Boykot tavrı, egemen blokun her iki fraksiyonuna da “dayattığınız gündeme teslim olmayacağız, kendi gündemimizi belirleyeceğiz” diyerek cepheden karşı çıkma imkanı taşıyor. Bir başka ifade ile, taraflardan hangisinin oyu fazla olursa olsun, yaşanan sürecin toplumsal meşruiyetini sarsmak, ezienlerin taleplerini içeren yeni bir anayasayı tartıştırmaya açacak bir sürecin başlamasına imkan tanıyan bir seçenek boykot. Öte yandan, boykot, toplumsal muhalefetin sadece AKP karşıtlığı ile sınırlanması riskine, 28 Şubat’ta olduğu gibi toplumsal muhalefetin başta TSK’nın ulusalcı kanadı olmak üzere çatışan taraflardan birisinin yedeği haline gelmesini de engelleyen bir tavır olarak karşımızda duruyor.

Hayır diyen sosyalistler ise bu süreçte kendi “hayır”larını, ötekilerin, yani, ırkçı-milliyetçi-ulusalcı hezeyanlar ile hareket eden kesimlerin hayırlarından farklı kılmaya çalışacaklar. Kendisi de “hayır” diyen sendika.org’un da haklı olarak belirttiği üzere:

Karşımızda bir de CHP’nin HAYIR’ı var. CHP yöneticileri hala ‘o iki maddeyi çıkarsınlar, biz diğerlerini destekliyoruz’ türünden açıklamalar yapıyorlar. Bu durumu cahillikle, maddeleri okumamış olmakla, okuduklarını anlayamayacak düzeyde olmakla açıklamak mümkün değil. CHP’nin üst(ün) yöneticileri kamu çalışanlarına grev hakkı vermeme konusunda, Ekonomik Sosyal Konsey konusunda mahkemelerin kamusal yarar gözetmemeleri konusunda AKP’den farklı düşünmüyorlar. Kadınlara pozitif ayrımcılık, çocuk istismarı, özel hayatın gizliliği konularında AKP’den daha ileri projeleri mevcut değil. Tam da bu yüzden Kılıçdaroğlu tüm referandum kampanyasını bir genel seçim kampanyası şekline sokup basitçe bir AKP kara propagandası haline getirdi. HES belasının bulaşmadığı yer kalmadığı Karadeniz’e gidip ‘yerindelik denetimi’ maddesini halk yararına değiştireceği sözünü ver(e)memek nasıl açıklanabilir? Devrimciler açısından referandumda HAYIR’ı örgütlemek aynı zamanda HAYIR’ın içeriğini de örgütlemeyi zorunlu kılar. CHP’nin HAYIR’ından ayrışmak hem hayırlı hem de kaçınılmaz bir yoldur.[13]
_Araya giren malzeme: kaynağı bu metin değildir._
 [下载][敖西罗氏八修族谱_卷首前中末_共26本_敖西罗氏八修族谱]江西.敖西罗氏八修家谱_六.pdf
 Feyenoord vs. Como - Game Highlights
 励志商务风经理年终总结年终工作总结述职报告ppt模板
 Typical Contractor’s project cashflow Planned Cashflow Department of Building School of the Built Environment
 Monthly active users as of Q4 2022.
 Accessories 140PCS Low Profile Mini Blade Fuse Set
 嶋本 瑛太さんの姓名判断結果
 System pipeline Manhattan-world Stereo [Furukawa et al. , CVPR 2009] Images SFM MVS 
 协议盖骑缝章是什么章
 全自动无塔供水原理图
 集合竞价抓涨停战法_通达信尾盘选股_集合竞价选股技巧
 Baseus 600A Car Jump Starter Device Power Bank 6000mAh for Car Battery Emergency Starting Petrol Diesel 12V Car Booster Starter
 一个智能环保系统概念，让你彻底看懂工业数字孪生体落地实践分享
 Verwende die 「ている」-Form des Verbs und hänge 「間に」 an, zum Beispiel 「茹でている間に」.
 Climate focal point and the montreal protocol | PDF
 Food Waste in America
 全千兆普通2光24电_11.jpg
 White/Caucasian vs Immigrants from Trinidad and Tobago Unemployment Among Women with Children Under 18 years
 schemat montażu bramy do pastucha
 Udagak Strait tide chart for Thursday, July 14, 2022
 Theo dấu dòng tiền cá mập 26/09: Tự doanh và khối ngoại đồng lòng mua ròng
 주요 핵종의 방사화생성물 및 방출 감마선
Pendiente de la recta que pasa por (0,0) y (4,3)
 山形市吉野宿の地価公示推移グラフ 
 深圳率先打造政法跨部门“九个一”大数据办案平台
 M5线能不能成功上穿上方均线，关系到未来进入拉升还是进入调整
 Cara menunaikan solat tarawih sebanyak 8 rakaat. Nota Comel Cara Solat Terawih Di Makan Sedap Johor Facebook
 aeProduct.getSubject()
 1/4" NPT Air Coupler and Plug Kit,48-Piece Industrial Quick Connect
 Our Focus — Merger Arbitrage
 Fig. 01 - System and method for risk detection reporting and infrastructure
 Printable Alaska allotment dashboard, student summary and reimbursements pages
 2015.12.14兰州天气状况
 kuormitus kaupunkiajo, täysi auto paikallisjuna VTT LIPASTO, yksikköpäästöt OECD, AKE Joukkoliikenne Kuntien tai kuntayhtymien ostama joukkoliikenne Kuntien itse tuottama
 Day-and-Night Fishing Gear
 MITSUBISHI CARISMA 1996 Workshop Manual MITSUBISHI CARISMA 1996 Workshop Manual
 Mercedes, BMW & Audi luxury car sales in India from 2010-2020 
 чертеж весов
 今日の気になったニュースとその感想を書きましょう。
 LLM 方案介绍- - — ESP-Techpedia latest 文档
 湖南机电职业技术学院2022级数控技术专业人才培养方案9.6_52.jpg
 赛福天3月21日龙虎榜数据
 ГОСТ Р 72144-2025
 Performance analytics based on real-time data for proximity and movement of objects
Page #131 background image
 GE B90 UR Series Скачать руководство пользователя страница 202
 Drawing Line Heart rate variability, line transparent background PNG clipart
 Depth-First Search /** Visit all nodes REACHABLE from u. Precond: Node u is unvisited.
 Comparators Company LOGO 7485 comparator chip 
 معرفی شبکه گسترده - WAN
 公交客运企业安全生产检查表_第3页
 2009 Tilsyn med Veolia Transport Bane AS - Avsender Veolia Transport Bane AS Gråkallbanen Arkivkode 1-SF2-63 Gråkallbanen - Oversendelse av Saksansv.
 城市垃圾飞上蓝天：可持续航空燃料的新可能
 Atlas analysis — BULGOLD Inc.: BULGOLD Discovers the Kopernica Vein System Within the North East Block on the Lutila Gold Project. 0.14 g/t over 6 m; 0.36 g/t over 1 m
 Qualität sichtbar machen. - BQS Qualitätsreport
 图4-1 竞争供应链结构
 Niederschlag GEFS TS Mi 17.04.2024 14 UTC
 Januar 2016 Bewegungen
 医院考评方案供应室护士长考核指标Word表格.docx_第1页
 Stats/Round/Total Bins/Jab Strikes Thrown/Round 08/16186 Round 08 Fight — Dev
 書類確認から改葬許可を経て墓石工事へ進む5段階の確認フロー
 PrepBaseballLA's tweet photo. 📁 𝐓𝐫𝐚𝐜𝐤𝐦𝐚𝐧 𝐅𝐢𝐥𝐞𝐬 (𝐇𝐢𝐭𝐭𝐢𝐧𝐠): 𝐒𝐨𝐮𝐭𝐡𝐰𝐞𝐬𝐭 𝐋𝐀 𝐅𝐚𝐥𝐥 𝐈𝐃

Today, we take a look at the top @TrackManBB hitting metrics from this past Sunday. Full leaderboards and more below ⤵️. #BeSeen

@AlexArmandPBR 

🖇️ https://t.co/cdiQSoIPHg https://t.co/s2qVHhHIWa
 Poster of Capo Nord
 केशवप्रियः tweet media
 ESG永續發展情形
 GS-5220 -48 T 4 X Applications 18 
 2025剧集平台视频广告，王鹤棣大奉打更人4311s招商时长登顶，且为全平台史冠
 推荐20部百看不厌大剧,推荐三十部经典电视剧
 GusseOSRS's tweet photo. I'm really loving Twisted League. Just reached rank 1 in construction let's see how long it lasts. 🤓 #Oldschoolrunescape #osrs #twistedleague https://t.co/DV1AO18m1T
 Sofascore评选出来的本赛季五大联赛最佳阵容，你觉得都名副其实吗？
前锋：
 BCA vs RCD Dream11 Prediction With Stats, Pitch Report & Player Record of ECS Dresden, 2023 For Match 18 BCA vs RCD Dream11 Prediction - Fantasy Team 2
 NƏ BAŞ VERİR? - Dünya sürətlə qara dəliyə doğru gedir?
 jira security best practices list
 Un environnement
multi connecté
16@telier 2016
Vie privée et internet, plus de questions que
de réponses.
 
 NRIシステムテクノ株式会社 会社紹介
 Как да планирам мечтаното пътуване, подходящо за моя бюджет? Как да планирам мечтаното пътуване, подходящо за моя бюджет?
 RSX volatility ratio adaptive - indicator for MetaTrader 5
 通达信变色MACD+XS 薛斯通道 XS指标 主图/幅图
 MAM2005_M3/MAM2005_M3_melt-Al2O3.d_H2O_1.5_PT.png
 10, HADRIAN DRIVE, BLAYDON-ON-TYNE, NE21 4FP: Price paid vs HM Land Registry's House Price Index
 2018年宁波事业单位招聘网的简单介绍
Bu noktada şu soruyu sormak önem kazanıyor. Türkiye’nin uzun zamandır içinde bulunduğu ve sınıfsal sorunun yerini ulusalcılık-liberallik, laiklik-antilaiklik gibi tartışma başlıklarının aldığı bir zaman diliminde, soyalistler kendi hayırlarını, yan yana durmak istemedikleri toplumsal kesimlerin hayırlarından nasıl farklılaştıracak? “Ama bizim hayırımız onlarınkinden farklı, bizim gerekçelerimiz farklı” demek sosyalistler için mümkün olacak mı?” Yoksa, 28 Şubat dönemindeki ışık söndürme eylemlerinde olan bir kez daha mı olacak? Tıpkı o dönemler, “çeteler halka hesap verecek”, “çetelerden hesabı emekçiler soracak” diye ışıklarını yakıp söndüren, daha sonraları da sokağa inen binlerce insanın emeklerinin, egemenlerin bir el marifetiyle “Türkiye laiktir laik kalacak” sloganına dönüştürülmesi gibi, “neoliberalizme karşı hayır” diyenlerin hayırları da, “işkencecimle barıştım” deyip MHP’yi anti-emperyalist güçlerin yanına yerleştirmekte beis görmeyenlerin hanesine mi yazılacak?